For the SegFrac, DemandSpecificDistribution, and CapacityFactorTech data I did not try to gather the data from the older US_9R_4D database as you recommended because this one works with 4 seasons and one representative day by season. In contrast, the newer version US_9R_8D works with only 2 seasons and 4 representative days in each one. Therefore, reusing the data could bring more implementation challenges. Moreover, as the US_9R_8D is more updated, it can have more technologies than the US_9R_4D, therefore the 4D database could lack plenty of information in CapacityFactorTech data.
Thanks for pointing out the limitation of using fewer representative days and its consequence of having biased results. That is something I am aware of, however, as my research is not especially focused on developing very realistic future scenarios, but rather is about understanding the interlinkages of different parameters and their difference to a base case. I believe that is a limitation I can afford to take.
Thanks a lot for all the other recommendations for decreasing the size of the model, I might pursue 2nd, 4th or 5th recommendation. As I am mostly interested to model long-term scenarios and having an hourly resolution in the representative days (therefore discarding your 1st and 3rd recommendations). I will let you know if I manage to decrease the computational times!
I have one last question, based on your experience what is the best way to increase the computational performance of solving TEMOA's optimization problems?
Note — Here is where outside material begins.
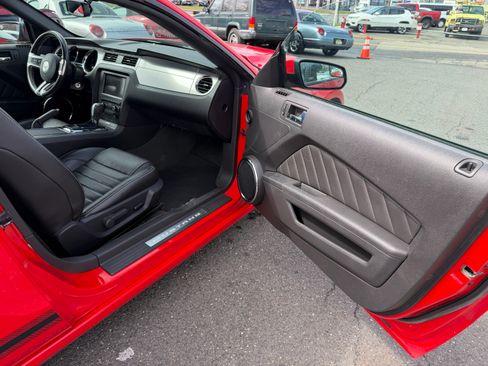 Used 2014 Ford Mustang Premium image 16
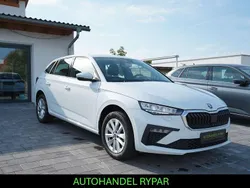 Weiß Gebraucht 2024 Skoda Scala Selection Kleinwagen | 19.490 € (Guter Preis)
I am currently using gurobi optimization software and my virtual machine has a very significant computational power (128GB of RAM, 16 virtual processors, and a CPU speed of 2.59 GHz). However, as I mentioned before this last simulation took more than 30 hrs to complete. I am almost certain that there might be a different computational bottleneck different than RAM and CPU, perhaps the memory bandwidth? Your expertise will be very much appreciated!
Thanks again!